The United Kingdom will be glad to see the back of 2011. With government debt touching a record £1 trillion, unemployment rates reaching a 17-year high and GDP dipping by 0.2 percent, the British economy could only do better.
However, the business in solar panels UK has been basking in greener pastures for sure. There were 450 solar panel businesses in the UK, which employed about 3,000 people. This number rose sharply in 2011, with 4,000 businesses employing over 25,000 people. Households scrambled to have solar panels installed, with 16,000 households installing solar panels in the month of last September alone.
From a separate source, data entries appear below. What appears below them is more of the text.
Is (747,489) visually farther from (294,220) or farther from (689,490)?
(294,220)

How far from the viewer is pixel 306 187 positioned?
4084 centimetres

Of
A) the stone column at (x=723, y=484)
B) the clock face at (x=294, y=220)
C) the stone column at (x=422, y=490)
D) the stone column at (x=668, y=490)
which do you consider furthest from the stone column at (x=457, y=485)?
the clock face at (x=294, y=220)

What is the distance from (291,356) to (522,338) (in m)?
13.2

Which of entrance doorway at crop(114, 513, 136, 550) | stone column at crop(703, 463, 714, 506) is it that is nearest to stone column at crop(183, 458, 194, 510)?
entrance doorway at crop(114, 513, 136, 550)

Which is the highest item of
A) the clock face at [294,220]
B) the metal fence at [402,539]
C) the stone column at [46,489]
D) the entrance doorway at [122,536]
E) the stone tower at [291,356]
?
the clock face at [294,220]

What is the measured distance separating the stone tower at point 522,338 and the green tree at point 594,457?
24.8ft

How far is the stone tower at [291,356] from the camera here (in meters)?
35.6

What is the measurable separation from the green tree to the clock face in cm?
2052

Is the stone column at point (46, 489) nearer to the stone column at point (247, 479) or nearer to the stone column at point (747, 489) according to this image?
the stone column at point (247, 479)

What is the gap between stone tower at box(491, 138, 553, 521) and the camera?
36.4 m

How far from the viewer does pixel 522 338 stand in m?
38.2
This hysteria was majorly due to the benevolent government subsidies that provided generous feed-in tariff to boost the solar energy field.
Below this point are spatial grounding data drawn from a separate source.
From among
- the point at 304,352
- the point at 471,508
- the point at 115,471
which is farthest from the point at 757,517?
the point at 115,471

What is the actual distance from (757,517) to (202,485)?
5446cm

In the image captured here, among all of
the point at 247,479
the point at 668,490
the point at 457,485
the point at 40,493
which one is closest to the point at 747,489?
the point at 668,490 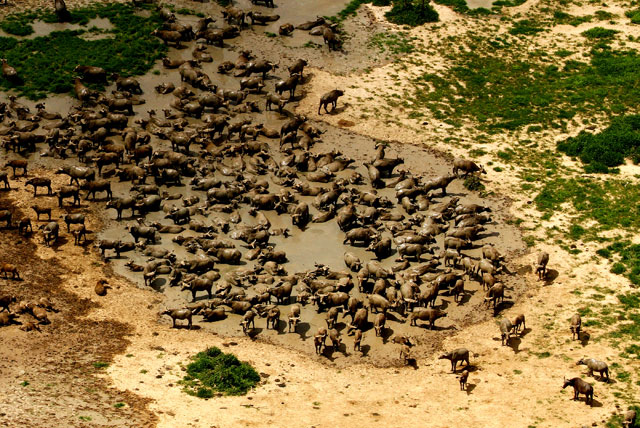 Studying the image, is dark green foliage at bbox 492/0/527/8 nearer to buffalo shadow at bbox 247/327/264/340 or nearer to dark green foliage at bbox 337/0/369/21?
dark green foliage at bbox 337/0/369/21

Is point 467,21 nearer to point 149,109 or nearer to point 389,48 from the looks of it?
point 389,48

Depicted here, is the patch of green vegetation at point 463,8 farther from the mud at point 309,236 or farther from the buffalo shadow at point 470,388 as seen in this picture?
the buffalo shadow at point 470,388

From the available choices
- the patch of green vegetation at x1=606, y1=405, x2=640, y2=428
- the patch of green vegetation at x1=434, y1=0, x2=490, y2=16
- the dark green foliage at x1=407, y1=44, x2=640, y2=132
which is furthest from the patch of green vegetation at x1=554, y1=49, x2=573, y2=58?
the patch of green vegetation at x1=606, y1=405, x2=640, y2=428

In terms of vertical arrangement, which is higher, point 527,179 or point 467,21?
point 467,21

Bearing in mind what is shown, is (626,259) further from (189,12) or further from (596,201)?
(189,12)

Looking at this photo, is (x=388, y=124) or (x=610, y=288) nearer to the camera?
(x=610, y=288)

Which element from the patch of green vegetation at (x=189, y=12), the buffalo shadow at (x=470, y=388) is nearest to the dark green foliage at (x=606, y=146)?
the buffalo shadow at (x=470, y=388)

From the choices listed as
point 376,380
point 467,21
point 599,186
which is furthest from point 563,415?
point 467,21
However, the Government’s designs to halve the feed-in tariff have brought solar panels UK to a stuttering stop. According to the Government, the average taxpayer has to pay for subsidies for an inefficient energy source when there are other renewable resources that can be implemented to source energy. According to the solar panel market however, the government was out of line putting the bill across and has put thousands of businesses and tens of thousands of employees out of work.
After the original feed-in tariff scheme was introduced, the growth in solar panel businesses was unprecedented, with more than three times as many solar installations as expected. According to the Department of Energy and Climate Change, if things kept on the way they were, the average taxpayer could expect to shell out an extra £100 on the electricity bill. While this was being considered, the average cost of installing solar panels had already fallen by a third.
So, last October, the Government decided to ‘set things right’ and announced the slashing of government subsidies, provoking a scandalised outcry from solar panel businesses across the UK, not to mention thousands of households with solar panels already installed. From 41p, the tariff went down to 21p, leaving the solar industry in a limbo of sorts.
According to Andy Tanner, chief executive, Plug Into the Sun, “It went ballistic before Christmas. Then it was dead as a doornail. Now it’s gone ballistic again. However, we’re on tenterhooks for February 9.”
February 9th is the date on which the Government will announce the result of its consultation, which includes a proposal to pay feed-in tariff only to those households having energy performance certificates measuring up to Grade C or above. Andy Tanner says that this proposal would rule out around 80 per cent of the customers.
The chief executive of Engensa, Tony Darbyshire is also fretting over what happens next.
“There is a huge amount of uncertainty in the industry at the moment. There is real anger about the sledgehammer way this has happened,” says Darbyshire.
Nobody knows what’s next on the cards but the solar panel business in UK is sure to take a turn for the worse if the Government continues on its anti-solar crusade.